“Paul Weller è un artista straordinario, anche nella capacità di controllare in ogni momento il tipo di stella che vuole essere: mai troppo remota, mai troppo luminosa”. Ci voleva Pete Townshend, portavoce di una generazione, per riassumere in maniera inequivocabile e definitiva la trentennale carriera di uno degli artisti più camaleontici e dotati della storia del rock. E il concerto dell’Estragon dello scorso 15 ottobre ha confermato, se ce ne fosse stato bisogno, che Paul Weller è ancora una stella polare imprescindibile per chi ama un certo tipo di rock.
50 anni all’anagrafe, il Modfather è salito sul palco alle 22 precise di fronte ad un pubblico equamente diviso tra mods con t-shirt dei Jam, quarantenni che hanno consumato le suole in discoteca sulle note degli Style Council e fricchettoni dall’aria svagata. In un tripudio di Ben Sherman, Merc e Fred Perry, Weller ha imbracciato la Diavoletto e, senza tanti preamboli, si è lanciato a testa bassa nel riff di "Peacock Suit", duettando subito con l’ottimo chitarrista Steve Craddock. Pur orfana della sezione ritmica da Nobel della premiata ditta White/Minchella, la band ha dimostrato sin dalle prime note di essere conforme agli elevati standard richiesti da Mr.Cool: sound vintage, feeling e versatilità. E che Weller fosse in serata di grazia, occasionali mancanze della voce a parte, lo si è capito sin dal primo istante: mulinelli di braccia, salti, urla ed un sorriso estasiato, così poco modernista, perennemente sbattuto in faccia al pubblico. Il quale ha gridato al miracolo quando l’incarnazione del british pride si è rivolto alla folla in italiano…

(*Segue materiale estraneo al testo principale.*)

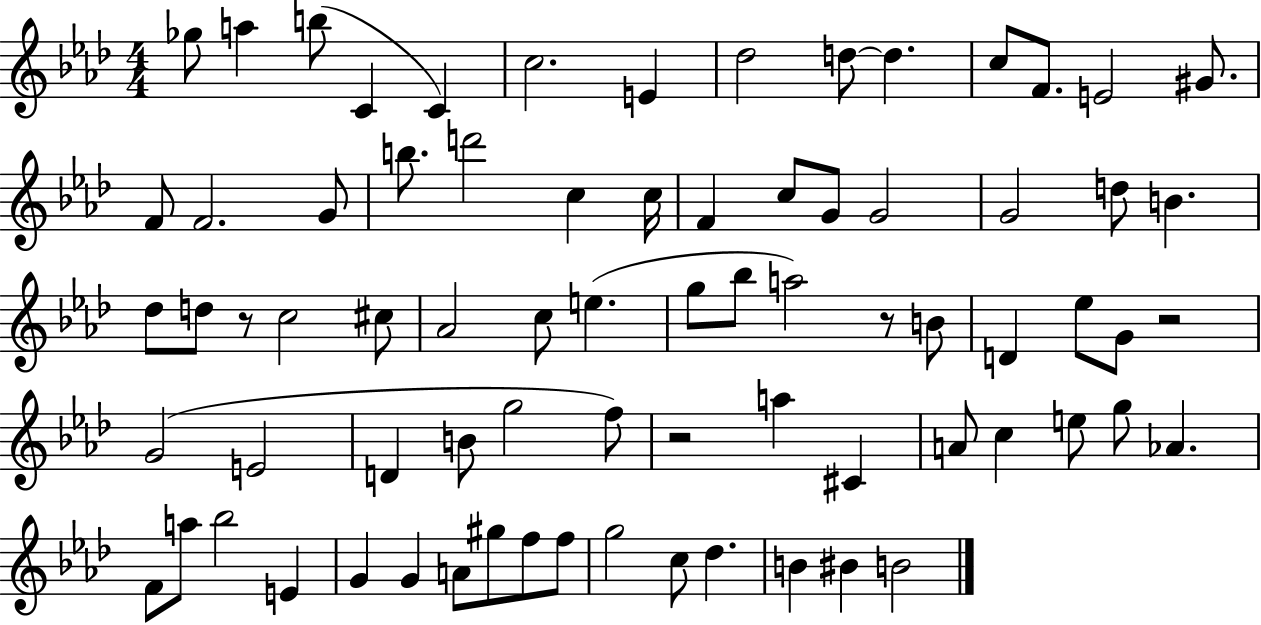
Gb5/e A5/q B5/e C4/q C4/q C5/h. E4/q Db5/h D5/e D5/q. C5/e F4/e. E4/h G#4/e. F4/e F4/h. G4/e B5/e. D6/h C5/q C5/s F4/q C5/e G4/e G4/h G4/h D5/e B4/q. Db5/e D5/e R/e C5/h C#5/e Ab4/h C5/e E5/q. G5/e Bb5/e A5/h R/e B4/e D4/q Eb5/e G4/e R/h G4/h E4/h D4/q B4/e G5/h F5/e R/h A5/q C#4/q A4/e C5/q E5/e G5/e Ab4/q. F4/e A5/e Bb5/h E4/q G4/q G4/q A4/e G#5/e F5/e F5/e G5/h C5/e Db5/q. B4/q BIS4/q B4/h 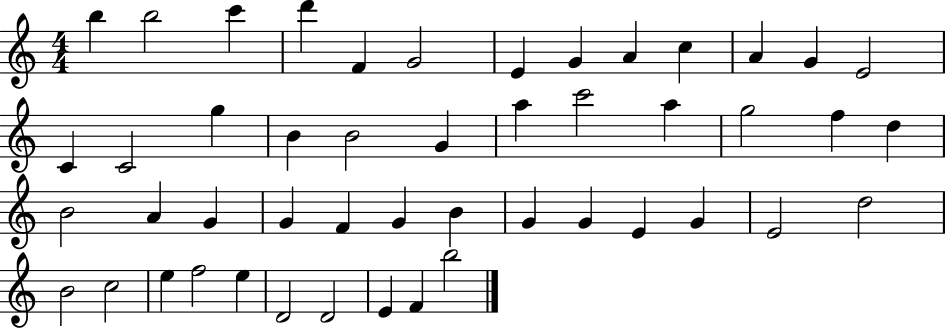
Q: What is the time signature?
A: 4/4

Dopo una prima mezz’ora con l’acceleratore a tavoletta, Weller ha iniziato la miriade di cambi di chitarra inaugurando, Telecaster tra le mani, la parentesi dedicata all’ultimo disco. Quel "22 Dreams" che ha estasiato i critici, che lo hanno definito il suo White Album, e lasciato perplessi molti dei fans più accaniti. Suoni morbidi, sostenuti dal piano elettrico, melodie elementari, arpeggi acustici ed un vago profumo di melassa hanno invaso l’Estragon e intasato le narici di un pubblico che invece pretendeva di sentire ancora l’odore acre del sangue. E sangue Weller ha regalato, sfogliando, finalmente senza imbarazzo, il suo vecchio catalogo, rimasto ad ammuffire per tanti, troppi anni nel baule delle sue vite musicali precedenti: "Shout to the top", ripulita dagli orpelli elettronici della versione Council, ha dimostrato grandezza nella sua nudità, mentre "That’s entertainment" ha portato la stessa gioia a tanto ai numerosi orfani dei Jam quanto al suo autore che, probabilmente in preda alla commozione, ha più volte invertito le strofe. Quasi a scusarsi con il pubblico per l’autoindulgenza, Weller ha subito stravolto un suo classico dell’era solista, quella "Wild wood" eseguita in versione dub, molto simile al remix che, nel lontano 1993, contribuì a lanciare i Portishead.
In un crescendo epico, il Modfather ha cavalcato tutte le sue passate stagioni, e la presente e viva chiamando il sipario con quella "Echoes round the sun" che, in un album che comunque porta ben impresso il suo marchio, è paradossalmente l’unico pezzo da "22 Dreams" in puro Weller style. I due bis hanno alzato la temperatura fino all’orgasmo finale, goduto senza vergogna e con pura gioia animale da pubblico e band: "Town Called Malice". Ovvero uno dei picchi dell’era Jam, una canzone che da sola varrebbe la carriera di tutti quegli innumerevoli figli dell’Impero Britannico che, da trent’anni a questa parte, sono costretti a fare i conti con la pesante ombra di questo artista straordinario.